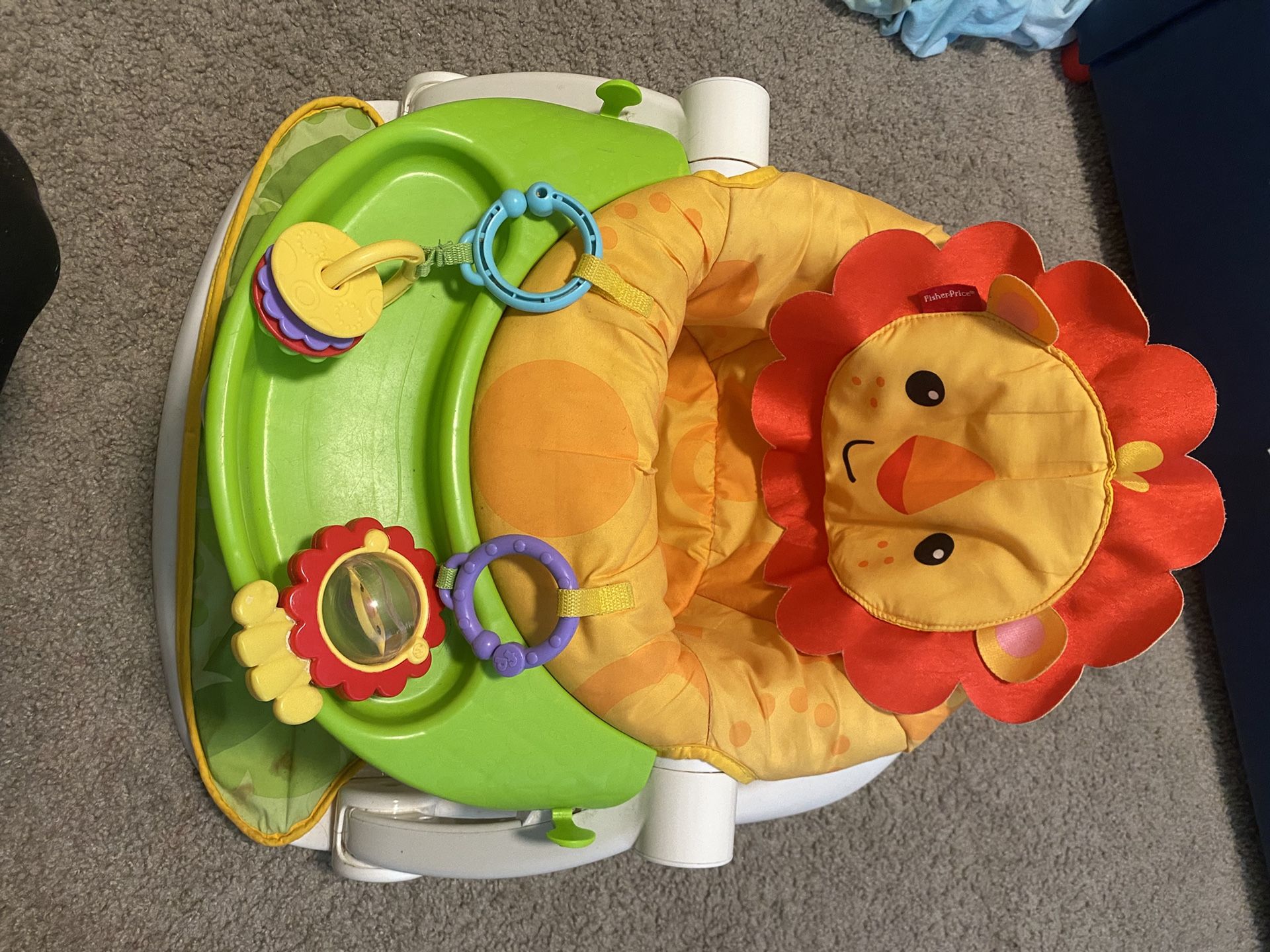 Lion Sit Me Up Seat
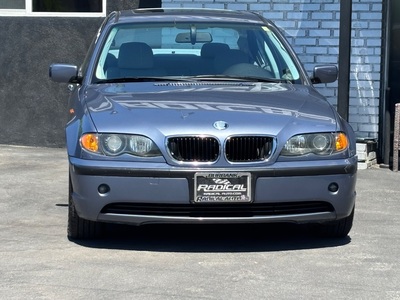 2002 BMW 3 Series 325i Sedan RWD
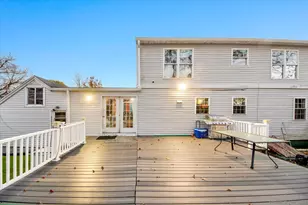 65 Clearview Dr, Bridgeport, CT 06606 - Photo 5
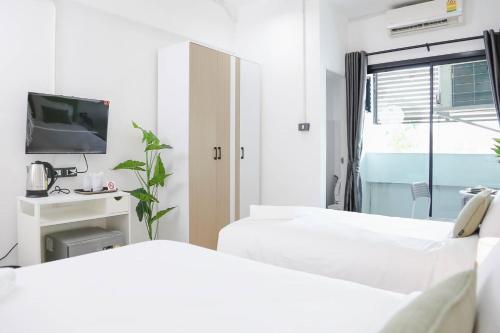 chana bangkok hotel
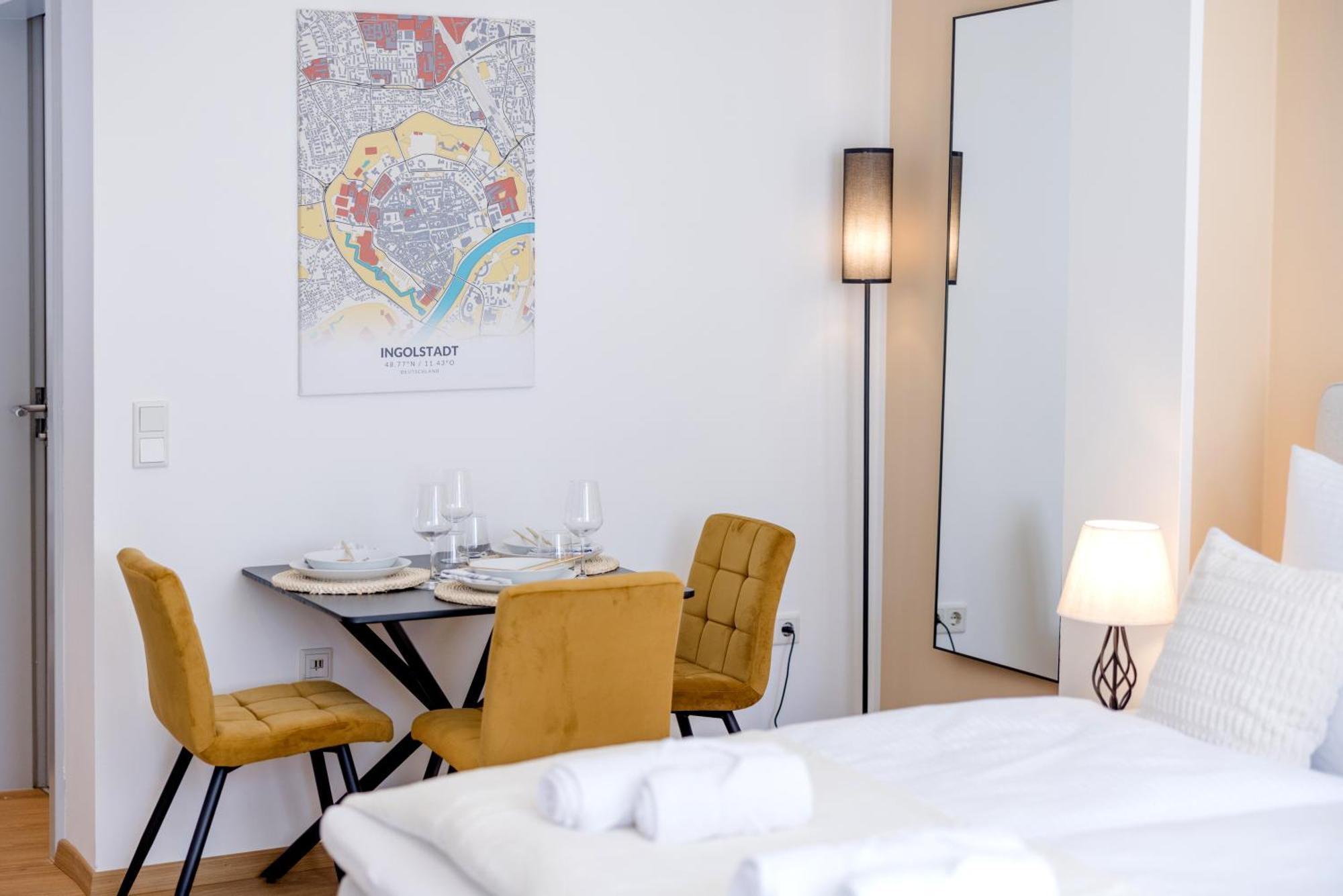 Lumen Homes - Altstadt-Studio Direkt Im Zentrum, Kueche, Netflix, Oeffentlicher Parkplatz Ums Eck Ingolstadt Exterior foto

——

Set down each record above exactly as it stands and leave out all pictures.

YOUR SOLUTION:
 Lion Sit Me Up Seat
 2002 BMW 3 Series 325i Sedan RWD
 65 Clearview Dr, Bridgeport, CT 06606 - Photo 5
 chana bangkok hotel
 Lumen Homes - Altstadt-Studio Direkt Im Zentrum, Kueche, Netflix, Oeffentlicher Parkplatz Ums Eck Ingolstadt Exterior foto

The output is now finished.